Теперь перенесемся из Касселя в Стамбул. Там 19 января 2007 года жертвой убийства по мотивам расовой вражды стал турецко-армянский писатель Грант Динк. В день похорон к траурному шествию присоединились тысячи турок. Они несли плакаты с надписями: «Каждый из нас – Грант Динк!» и «Мы все – армяне!». Здесь люди повели себя совершенно иначе, нежели жители Касселя. Они апеллировали к той фундаментальной общности, которая объединяет друг с другом представителей различных культур и религий.
Спустя три недели после гибели Гранта Динка мне довелось участвовать в конференции, устроенной Фондом имени Белля на тему «От бремени прошлого – к социальному миру и демократии». Динк был одним из организаторов конференции, но уже не мог принят в ней участие. Его отсутствие воспринималось нами с волнением и болью. В своем тогдашнем выступлении я сказала: «Только представьте себе, что во время ноябрьского погрома 1938 года на улицы немецких городов вышли бы тысячи немцев с плакатами “Все мы – евреи!”. После таких манифестаций безумный план Гитлера по “окончательному решению еврейского вопроса” вряд ли мог бы осуществиться». Вместо этого по всей Германии воцарилось испуганное или смущенное, но, главное, равнодушное молчание. Сегодня подобный акт солидарности уже не требует большого гражданского мужества, но нуждается в эмпатии. Ибо не только «ислам является частью Германии», но и люди иного этнического происхождения, иной религии являются частью немецкого общества. Следовательно, они имеют такие же права на защиту, заботу, внимание и полноту нашего человеческого сочувствия.
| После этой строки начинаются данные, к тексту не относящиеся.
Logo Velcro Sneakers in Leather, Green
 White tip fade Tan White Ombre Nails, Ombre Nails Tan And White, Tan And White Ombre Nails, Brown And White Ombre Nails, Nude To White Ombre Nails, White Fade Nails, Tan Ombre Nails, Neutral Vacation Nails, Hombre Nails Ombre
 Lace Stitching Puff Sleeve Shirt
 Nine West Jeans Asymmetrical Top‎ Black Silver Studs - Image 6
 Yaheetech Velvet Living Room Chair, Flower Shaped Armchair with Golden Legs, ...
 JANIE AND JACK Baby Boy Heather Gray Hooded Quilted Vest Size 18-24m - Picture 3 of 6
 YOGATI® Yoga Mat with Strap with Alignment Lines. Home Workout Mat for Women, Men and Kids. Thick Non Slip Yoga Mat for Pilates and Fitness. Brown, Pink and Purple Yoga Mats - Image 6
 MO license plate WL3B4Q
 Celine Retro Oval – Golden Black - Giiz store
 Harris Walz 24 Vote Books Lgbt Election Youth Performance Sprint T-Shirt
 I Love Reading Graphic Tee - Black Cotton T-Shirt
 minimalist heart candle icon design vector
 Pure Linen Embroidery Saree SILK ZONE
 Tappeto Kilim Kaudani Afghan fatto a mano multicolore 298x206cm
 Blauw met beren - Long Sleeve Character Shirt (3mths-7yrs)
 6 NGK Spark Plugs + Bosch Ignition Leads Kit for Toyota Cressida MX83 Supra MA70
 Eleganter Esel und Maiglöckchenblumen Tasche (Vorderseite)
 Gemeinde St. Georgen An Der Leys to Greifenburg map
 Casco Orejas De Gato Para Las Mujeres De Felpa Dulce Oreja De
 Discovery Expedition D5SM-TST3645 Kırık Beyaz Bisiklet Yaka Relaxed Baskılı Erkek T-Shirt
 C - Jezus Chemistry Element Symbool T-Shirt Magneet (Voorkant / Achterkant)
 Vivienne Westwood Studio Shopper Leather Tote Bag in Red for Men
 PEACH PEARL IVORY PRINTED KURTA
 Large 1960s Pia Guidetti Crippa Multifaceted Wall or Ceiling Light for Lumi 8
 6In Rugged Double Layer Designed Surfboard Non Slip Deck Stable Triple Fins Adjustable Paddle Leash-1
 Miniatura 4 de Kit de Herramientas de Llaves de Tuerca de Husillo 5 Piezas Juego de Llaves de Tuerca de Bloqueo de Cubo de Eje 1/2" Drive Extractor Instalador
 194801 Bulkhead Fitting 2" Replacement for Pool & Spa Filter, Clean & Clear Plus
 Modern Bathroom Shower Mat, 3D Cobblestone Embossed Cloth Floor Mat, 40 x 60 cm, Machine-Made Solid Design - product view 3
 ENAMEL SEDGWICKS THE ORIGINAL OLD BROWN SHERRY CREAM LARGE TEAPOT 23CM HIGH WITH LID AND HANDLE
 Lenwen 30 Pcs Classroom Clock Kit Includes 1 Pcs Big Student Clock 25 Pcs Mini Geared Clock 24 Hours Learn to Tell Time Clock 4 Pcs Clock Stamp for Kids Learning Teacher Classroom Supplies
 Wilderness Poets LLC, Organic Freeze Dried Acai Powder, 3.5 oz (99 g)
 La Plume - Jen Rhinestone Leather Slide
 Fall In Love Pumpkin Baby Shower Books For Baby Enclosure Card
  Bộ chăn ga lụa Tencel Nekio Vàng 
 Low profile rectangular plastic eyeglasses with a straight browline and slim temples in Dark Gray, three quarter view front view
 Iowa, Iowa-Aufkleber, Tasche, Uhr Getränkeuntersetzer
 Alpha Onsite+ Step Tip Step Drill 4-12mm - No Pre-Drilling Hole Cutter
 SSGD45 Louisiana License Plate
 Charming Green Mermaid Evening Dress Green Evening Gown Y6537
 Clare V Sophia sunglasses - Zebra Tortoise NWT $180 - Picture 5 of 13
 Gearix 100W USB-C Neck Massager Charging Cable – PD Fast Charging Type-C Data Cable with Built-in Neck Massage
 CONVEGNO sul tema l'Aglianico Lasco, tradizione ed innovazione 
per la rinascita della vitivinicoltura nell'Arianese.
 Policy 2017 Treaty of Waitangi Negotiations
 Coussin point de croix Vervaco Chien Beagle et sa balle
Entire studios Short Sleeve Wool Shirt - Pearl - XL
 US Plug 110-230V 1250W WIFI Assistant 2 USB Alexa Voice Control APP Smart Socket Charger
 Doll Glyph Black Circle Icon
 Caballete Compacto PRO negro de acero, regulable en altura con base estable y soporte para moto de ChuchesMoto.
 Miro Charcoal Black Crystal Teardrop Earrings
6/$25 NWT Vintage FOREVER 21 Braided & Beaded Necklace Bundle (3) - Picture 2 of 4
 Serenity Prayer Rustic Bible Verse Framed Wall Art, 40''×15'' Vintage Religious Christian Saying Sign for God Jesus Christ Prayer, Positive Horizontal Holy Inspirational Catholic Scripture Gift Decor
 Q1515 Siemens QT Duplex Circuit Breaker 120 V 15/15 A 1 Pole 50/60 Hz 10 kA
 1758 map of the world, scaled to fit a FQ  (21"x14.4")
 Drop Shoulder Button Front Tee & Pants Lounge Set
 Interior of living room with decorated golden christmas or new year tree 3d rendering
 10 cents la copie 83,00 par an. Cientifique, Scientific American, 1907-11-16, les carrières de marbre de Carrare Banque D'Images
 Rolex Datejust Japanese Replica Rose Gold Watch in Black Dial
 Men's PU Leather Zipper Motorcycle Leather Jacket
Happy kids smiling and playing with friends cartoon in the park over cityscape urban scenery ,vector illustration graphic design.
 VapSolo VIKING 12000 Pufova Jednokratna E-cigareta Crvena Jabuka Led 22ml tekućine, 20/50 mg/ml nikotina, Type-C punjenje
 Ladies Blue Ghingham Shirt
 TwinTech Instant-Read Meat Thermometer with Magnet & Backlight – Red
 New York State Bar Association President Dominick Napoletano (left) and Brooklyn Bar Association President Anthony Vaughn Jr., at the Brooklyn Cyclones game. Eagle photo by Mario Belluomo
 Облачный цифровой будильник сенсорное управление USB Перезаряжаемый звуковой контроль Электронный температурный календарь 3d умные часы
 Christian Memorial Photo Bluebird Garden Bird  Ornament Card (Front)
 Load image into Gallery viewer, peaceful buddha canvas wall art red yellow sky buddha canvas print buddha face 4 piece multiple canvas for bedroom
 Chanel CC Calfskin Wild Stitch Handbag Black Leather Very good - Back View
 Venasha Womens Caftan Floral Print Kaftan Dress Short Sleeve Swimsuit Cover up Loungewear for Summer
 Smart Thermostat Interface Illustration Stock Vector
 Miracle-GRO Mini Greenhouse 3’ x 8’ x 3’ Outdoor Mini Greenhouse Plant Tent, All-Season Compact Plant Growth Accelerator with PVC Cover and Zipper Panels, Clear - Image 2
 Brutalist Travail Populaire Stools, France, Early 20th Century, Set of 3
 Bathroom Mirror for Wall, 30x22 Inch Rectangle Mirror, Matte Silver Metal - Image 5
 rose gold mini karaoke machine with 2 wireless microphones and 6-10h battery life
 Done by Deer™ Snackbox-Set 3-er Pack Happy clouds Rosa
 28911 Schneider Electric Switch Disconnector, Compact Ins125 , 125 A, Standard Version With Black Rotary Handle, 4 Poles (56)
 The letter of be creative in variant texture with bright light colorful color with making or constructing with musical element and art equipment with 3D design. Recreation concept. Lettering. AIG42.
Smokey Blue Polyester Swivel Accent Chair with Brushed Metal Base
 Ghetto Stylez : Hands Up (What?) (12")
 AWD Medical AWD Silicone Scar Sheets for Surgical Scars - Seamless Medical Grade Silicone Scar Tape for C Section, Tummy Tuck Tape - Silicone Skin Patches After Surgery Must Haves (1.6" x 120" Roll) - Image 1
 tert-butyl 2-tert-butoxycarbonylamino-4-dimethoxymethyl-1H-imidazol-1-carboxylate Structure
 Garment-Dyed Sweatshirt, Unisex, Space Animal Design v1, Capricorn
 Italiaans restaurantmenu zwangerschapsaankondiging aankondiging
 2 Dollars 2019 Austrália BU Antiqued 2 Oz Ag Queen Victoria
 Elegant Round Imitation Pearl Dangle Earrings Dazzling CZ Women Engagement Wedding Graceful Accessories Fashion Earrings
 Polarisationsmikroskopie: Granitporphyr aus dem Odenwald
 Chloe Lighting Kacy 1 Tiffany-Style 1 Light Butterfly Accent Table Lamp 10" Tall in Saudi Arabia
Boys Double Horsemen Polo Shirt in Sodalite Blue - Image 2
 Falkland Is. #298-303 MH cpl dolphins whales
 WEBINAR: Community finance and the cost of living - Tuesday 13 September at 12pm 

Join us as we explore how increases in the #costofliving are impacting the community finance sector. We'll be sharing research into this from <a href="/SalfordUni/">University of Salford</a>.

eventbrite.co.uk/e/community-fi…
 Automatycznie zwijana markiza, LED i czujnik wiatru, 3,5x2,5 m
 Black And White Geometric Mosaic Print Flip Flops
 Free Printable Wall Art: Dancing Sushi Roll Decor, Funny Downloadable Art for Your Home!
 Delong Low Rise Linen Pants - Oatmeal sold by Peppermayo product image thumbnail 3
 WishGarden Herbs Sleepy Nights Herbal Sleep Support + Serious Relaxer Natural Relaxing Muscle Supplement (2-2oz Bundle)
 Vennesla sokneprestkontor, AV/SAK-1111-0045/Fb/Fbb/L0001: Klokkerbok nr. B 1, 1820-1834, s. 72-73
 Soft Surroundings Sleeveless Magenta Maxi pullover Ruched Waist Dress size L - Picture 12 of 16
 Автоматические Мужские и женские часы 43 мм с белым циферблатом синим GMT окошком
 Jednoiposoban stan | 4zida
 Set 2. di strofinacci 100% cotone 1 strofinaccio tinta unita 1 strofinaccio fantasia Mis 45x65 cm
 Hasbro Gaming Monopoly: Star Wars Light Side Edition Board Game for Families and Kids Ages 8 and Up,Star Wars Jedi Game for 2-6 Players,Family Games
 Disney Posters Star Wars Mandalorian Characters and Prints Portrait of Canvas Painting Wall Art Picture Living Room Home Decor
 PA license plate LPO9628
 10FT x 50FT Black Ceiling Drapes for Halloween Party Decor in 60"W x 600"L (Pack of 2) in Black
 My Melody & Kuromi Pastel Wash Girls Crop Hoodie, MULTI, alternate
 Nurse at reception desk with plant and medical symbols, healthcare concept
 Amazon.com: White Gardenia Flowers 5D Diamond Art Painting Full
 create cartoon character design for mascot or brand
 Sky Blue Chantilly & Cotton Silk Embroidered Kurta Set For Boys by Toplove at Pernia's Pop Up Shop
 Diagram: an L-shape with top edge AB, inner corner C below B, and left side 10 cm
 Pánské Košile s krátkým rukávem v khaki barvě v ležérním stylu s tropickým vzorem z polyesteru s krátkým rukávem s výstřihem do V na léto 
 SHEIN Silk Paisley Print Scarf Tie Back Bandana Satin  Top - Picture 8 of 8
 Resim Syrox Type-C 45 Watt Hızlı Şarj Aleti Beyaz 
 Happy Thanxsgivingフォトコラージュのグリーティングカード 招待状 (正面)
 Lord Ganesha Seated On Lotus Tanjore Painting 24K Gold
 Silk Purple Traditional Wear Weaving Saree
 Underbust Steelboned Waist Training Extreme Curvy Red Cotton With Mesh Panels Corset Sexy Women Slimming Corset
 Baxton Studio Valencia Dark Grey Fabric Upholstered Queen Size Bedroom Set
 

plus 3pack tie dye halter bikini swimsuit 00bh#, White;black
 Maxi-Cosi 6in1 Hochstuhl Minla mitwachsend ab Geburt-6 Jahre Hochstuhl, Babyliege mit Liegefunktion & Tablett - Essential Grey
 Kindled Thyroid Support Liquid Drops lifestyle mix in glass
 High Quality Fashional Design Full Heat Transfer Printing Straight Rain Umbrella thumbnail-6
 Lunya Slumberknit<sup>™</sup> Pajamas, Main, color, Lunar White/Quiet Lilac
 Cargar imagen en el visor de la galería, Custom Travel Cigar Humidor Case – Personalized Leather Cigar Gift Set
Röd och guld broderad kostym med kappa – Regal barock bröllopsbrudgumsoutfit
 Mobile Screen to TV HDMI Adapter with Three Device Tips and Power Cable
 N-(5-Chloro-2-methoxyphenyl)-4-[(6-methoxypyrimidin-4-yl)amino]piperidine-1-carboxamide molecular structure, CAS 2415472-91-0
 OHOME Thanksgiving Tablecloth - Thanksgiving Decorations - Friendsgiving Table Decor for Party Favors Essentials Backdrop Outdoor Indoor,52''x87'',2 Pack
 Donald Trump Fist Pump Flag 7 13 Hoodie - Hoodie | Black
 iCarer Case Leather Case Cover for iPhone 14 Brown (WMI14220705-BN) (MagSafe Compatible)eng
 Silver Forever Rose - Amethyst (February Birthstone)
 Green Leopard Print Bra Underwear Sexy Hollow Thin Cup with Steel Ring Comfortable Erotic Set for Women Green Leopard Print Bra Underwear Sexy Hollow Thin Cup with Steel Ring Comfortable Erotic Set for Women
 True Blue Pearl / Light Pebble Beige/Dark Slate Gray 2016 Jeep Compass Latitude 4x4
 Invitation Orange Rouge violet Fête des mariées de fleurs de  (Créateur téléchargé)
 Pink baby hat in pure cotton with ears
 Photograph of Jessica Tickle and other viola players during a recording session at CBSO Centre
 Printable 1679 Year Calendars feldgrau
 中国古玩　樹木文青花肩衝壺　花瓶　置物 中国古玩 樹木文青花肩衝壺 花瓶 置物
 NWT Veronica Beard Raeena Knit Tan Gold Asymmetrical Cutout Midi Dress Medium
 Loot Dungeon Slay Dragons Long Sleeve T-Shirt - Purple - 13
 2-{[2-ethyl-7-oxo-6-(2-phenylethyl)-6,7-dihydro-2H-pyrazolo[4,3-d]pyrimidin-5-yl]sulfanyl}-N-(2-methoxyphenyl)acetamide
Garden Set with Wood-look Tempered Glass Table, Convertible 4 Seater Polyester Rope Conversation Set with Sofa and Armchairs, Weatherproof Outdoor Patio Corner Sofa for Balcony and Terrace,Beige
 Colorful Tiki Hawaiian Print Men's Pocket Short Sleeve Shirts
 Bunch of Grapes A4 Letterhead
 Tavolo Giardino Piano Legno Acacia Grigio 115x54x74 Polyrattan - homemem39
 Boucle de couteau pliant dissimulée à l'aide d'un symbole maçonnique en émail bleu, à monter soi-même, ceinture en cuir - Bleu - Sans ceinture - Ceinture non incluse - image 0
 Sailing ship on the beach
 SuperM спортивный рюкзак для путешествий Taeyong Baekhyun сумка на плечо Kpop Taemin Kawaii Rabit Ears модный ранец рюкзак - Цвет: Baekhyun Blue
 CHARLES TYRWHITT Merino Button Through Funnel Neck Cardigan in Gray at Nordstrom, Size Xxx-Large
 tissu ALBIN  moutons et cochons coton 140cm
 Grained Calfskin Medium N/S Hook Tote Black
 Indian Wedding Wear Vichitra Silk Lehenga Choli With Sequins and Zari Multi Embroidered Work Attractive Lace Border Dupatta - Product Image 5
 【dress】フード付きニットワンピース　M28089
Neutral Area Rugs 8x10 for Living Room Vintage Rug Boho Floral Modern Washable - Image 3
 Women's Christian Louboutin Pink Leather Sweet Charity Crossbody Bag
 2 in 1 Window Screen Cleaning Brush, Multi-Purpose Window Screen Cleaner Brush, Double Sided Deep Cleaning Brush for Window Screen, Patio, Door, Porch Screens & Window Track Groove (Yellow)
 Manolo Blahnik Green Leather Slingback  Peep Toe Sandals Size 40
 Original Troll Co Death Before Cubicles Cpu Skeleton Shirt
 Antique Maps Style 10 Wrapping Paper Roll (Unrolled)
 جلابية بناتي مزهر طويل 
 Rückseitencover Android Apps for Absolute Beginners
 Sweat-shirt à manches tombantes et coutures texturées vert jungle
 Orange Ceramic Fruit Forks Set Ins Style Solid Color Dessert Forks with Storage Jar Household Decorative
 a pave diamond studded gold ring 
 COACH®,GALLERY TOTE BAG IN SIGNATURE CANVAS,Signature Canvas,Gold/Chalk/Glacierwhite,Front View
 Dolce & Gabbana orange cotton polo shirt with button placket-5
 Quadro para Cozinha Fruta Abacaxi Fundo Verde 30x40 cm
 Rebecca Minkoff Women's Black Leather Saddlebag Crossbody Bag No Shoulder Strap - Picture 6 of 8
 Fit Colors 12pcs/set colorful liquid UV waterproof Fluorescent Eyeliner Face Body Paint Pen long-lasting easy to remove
Мемориальную культуру и политическое образование связывает нечто большее, чем это представляется на первый взгляд. Многое из того, что сегодня происходит с нами, ясно отсылает от настоящего к прошлому: самохарактеристика террористов, назвавших себя «национал-социалистическим подпольем», или модели социальной эксклюзии, базирующиеся на вновь и вновь воскресающих предрассудках и проявлении равнодушия. Подобные эффекты дежавю заставляют нас обратиться к сопоставлению прошлого и настоящего. После 1945 года понадобилось четыре десятилетия, чтобы немцы, руководствуясь «анамнетической солидарностью», вспомнили о еврейских жертвах. Но путь к «эмпатическому обществу» (Джереми Рифкин) еще долог. На этом пути должны тесно взаимодействовать мемориальная культура и политическое образование, прошлое и будущее, ибо, как подчеркивал Пол Русесабаджина, свидетель геноцида в Руанде: «Мы не в состоянии изменить прошлое, но мы можем улучшить будущее».